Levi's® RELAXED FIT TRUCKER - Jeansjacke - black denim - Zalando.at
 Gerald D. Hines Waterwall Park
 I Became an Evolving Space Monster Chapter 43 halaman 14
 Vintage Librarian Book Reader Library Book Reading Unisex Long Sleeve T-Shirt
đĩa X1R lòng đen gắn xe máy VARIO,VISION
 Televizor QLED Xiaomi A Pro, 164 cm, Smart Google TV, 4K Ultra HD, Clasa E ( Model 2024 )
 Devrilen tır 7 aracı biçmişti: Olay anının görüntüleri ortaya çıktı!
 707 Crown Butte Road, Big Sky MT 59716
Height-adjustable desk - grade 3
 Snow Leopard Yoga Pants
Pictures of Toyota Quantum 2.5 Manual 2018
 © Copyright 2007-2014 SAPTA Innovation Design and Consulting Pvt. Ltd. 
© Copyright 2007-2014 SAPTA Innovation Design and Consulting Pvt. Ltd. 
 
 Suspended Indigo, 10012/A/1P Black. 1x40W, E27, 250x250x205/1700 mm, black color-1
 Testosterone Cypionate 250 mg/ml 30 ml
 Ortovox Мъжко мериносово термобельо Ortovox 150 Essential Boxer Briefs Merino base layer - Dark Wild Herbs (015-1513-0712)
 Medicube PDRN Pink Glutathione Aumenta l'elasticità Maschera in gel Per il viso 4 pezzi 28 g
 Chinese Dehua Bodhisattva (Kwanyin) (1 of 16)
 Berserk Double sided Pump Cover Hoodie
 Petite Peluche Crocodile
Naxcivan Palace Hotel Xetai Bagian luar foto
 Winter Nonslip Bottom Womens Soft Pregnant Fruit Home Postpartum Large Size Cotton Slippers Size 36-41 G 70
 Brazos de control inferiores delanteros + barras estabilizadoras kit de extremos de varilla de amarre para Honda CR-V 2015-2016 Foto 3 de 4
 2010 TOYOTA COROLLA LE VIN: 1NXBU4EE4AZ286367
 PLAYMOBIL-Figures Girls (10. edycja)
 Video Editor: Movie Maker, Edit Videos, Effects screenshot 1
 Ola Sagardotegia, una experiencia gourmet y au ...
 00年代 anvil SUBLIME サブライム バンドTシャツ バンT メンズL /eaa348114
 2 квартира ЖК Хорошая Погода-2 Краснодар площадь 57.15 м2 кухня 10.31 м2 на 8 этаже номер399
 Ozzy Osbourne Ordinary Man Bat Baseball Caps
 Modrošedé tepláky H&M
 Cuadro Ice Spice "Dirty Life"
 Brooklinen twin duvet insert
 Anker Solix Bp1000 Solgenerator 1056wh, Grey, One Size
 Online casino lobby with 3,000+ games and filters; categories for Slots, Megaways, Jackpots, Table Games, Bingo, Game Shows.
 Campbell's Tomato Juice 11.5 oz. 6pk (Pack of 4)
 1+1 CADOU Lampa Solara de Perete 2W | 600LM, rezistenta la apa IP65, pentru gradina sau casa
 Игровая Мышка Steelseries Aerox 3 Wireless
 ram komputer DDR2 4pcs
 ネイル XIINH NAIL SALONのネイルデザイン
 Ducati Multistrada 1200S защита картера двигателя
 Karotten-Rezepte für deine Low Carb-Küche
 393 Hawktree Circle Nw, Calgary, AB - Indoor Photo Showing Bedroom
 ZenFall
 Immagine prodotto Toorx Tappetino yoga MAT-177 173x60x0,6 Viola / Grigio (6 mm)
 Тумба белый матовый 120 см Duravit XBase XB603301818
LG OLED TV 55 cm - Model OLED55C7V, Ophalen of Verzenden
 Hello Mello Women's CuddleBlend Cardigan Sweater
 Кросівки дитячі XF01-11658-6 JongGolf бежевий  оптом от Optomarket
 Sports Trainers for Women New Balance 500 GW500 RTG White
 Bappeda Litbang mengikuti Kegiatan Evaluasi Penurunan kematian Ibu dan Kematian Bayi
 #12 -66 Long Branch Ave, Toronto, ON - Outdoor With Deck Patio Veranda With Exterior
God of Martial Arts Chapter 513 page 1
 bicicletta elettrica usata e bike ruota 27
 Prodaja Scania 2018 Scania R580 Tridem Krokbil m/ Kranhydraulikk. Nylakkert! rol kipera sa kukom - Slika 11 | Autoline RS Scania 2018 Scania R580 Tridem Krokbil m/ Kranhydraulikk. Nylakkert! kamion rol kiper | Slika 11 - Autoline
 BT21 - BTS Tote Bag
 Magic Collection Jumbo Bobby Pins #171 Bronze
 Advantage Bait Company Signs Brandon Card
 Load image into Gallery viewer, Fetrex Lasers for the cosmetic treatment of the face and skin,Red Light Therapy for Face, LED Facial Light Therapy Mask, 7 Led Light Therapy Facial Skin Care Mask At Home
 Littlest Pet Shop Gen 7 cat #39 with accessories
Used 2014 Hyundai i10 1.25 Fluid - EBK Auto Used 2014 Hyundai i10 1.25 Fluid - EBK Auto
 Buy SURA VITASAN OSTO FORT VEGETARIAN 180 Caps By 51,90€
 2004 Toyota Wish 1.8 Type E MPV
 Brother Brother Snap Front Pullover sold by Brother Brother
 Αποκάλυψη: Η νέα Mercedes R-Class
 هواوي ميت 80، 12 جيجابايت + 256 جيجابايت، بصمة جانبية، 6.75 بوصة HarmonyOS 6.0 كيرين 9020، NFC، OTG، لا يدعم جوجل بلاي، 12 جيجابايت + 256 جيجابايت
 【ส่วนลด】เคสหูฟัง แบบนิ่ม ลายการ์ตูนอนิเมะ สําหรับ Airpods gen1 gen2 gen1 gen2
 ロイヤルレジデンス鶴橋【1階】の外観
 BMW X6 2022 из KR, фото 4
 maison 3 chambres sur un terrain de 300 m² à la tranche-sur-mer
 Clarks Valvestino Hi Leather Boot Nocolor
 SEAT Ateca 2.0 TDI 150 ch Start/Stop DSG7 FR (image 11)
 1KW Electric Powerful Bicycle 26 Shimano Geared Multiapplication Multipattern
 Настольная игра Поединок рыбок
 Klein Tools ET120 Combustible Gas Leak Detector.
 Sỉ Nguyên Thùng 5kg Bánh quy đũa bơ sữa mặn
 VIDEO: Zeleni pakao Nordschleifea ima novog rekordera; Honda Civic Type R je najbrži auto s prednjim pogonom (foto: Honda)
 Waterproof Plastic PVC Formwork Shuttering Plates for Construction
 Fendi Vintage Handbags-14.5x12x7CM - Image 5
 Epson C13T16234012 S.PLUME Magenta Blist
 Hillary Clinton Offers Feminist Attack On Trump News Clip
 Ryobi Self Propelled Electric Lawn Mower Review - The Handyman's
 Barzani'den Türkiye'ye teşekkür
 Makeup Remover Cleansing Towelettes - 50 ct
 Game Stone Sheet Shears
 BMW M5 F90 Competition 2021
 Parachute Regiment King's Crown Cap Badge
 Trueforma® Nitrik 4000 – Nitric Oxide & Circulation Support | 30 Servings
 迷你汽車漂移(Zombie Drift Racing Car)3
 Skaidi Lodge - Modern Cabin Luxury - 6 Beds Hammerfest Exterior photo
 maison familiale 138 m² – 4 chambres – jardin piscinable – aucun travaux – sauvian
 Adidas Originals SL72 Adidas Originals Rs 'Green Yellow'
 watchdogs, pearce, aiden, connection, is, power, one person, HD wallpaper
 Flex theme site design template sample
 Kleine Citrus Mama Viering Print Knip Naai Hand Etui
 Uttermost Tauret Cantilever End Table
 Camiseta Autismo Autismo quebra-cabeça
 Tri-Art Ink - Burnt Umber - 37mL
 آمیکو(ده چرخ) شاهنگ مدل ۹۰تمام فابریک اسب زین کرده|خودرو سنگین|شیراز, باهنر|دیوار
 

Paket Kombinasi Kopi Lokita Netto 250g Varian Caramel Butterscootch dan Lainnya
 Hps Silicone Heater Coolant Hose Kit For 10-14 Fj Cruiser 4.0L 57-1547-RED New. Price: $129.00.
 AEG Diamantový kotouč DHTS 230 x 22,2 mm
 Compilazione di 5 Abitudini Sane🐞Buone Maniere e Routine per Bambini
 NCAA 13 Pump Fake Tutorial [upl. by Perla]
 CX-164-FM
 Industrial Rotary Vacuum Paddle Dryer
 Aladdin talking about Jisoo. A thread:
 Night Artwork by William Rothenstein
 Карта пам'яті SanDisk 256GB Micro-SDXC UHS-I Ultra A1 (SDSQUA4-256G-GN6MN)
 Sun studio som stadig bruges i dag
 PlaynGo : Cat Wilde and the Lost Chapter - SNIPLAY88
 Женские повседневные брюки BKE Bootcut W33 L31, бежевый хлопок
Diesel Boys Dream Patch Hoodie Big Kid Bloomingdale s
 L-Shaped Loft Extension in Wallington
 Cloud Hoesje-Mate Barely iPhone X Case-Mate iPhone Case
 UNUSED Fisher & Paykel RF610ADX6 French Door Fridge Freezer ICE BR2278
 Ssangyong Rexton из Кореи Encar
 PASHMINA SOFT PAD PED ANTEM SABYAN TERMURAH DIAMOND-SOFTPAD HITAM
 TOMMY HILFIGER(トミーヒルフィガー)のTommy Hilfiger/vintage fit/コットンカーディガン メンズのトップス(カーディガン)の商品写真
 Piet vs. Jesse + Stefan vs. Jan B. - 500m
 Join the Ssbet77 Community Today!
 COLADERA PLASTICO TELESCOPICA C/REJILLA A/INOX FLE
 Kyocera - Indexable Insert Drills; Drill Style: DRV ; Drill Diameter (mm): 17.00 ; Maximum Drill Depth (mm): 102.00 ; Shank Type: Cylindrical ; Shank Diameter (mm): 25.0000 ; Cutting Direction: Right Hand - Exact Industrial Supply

-=-=-=-=-

Print again the lines of the entries above that fall between the line holding "393 Hawktree Circle" and the line holding "Bappeda Litbang mengikuti", inclusive, exactly as they stand.

* **SOLUTION BELOW**:
 393 Hawktree Circle Nw, Calgary, AB - Indoor Photo Showing Bedroom
 ZenFall
 Immagine prodotto Toorx Tappetino yoga MAT-177 173x60x0,6 Viola / Grigio (6 mm)
 Тумба белый матовый 120 см Duravit XBase XB603301818
LG OLED TV 55 cm - Model OLED55C7V, Ophalen of Verzenden
 Hello Mello Women's CuddleBlend Cardigan Sweater
 Кросівки дитячі XF01-11658-6 JongGolf бежевий  оптом от Optomarket
 Sports Trainers for Women New Balance 500 GW500 RTG White
 Bappeda Litbang mengikuti Kegiatan Evaluasi Penurunan kematian Ibu dan Kematian Bayi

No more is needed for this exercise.